Sip & Savor
Citizen Rail may be a Denver infant, as restaurants surface hereabouts, but it’s got a lot of old, venerable Denver to it, too.
The name is a nod to its location, a chip’s toss from Union Station, the city’s transportation wheelhouse since 1881. Citizen Rail’s dining room and bar interior is 21st century saloon, all dark wood, burnished metal, and camp-lantern lighting. And the entire space circles the fire and heat of a mammoth open grill, home-on-the-range way.
The food is driven West, too, in its emphasis on hearty, hefty things, charred, to chomp.
Its address is about as “Denver” as could be. The city wouldn’t have become the center of the Rocky Mountain empire had not the Denver Pacific Railway, in 1878, dropped down a line from Cheyenne, Wyoming, and two years later built Union Station.
In the late 1870s, the great Overland Route girded the United States in iron, but it did so well north of Colorado Territory. Noting the lack of rail activity in Denver, railway man Thomas Durant pronounced Denver “too dead to bury.” A mere 100-mile spur from Cheyenne to Denver changed all that.
Citizen Rail—its place, its look, and its menu—is a darn good example of Colorado roots come modern. In his choice of foods especially, the executive chef Christian Graves both honors his new hometown’s past as well as rubs in the polish of today.
In a bit of a reverse of “Go West, young man,” Graves came to Citizen Rail from prior kitchen work in San Diego with most of his ideas for what Citizen Rail would become already under his toque.
While at San Diego’s Jsix restaurant, Graves says, “I tried for two years to make this concept to a T. We would forage a lot of stuff; there was a live grill. But it never really penciled out completely.”
A move to Boulder, an offer from Kimpton Restaurants (“chef-crafted, seasonal menus … local farms and purveyors”) and an historic footprint was all the list of ingredients that Graves needed to fashion that long-standing wish into reality.
His menu is a paean to the past of frontier, at-home butchery, preserving food from season to season, and cooking with what’s at hand because, simply put, that’s what was there to cook.
But you can tell, from the design of the place, to the layout of the menu, to the tone of his voice, that Graves’ favor is for his fire.
“Open fire cooking just puts more control in our hands,” says Graves. “We can raise or lower the grills, stoke the fire, move embers around, cook in the coals if we want, put pans on the coals or not.
“It’s upwards of 900 degrees on that grill,” he says. “You’re staring Satan in the face.”
And so, what issues from the fire are dishes such as wood-grilled oysters; crispy artichokes and crab with “ember-blistered” lemon curd; a salad of grilled escarole; even desserts with “ember-melted” apples.

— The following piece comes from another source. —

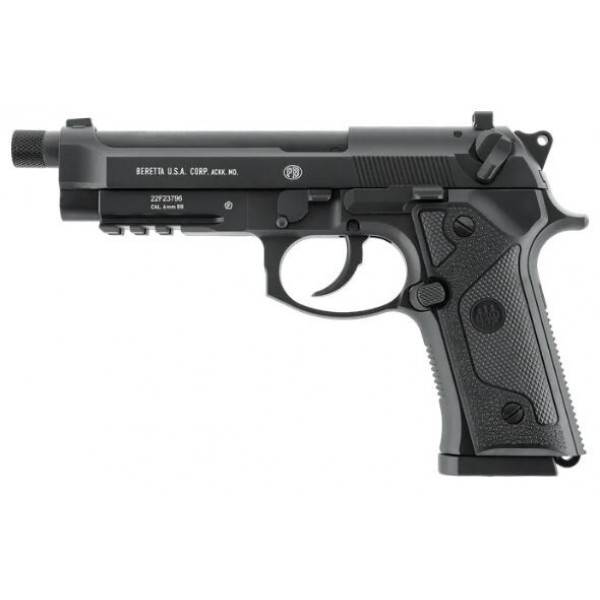 Страйкбольний пістолет Umarex Beretta M9A3 FM 2.6491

Citizen Rail barman Chris Burmeister stares into Satan’s face, too, and dresses drinks with elements such as grilled pineapple or smoked cinnamon sticks. The restaurant rarely misses a chance to tie a ribbon from the Old West onto something that it serves today.
Of course all manner of meat—red, pink, white—sees fire too.
Not only does Citizen Rail butcher its meat in-house, it ages much of it on premises too. “Dry-aging meat concentrates flavor,” says Graves, “but it also helps tenderness. Twenty-eight days hanging is ideal for us, but we also have cuts older than that, even up to 65 days.”
Because Graves is an aficionado of curing, preserving and aging meats, his larder also sports ranks of different charcuterie, sausages and salami that he has crafted, all left to hang and age into a greater deliciousness.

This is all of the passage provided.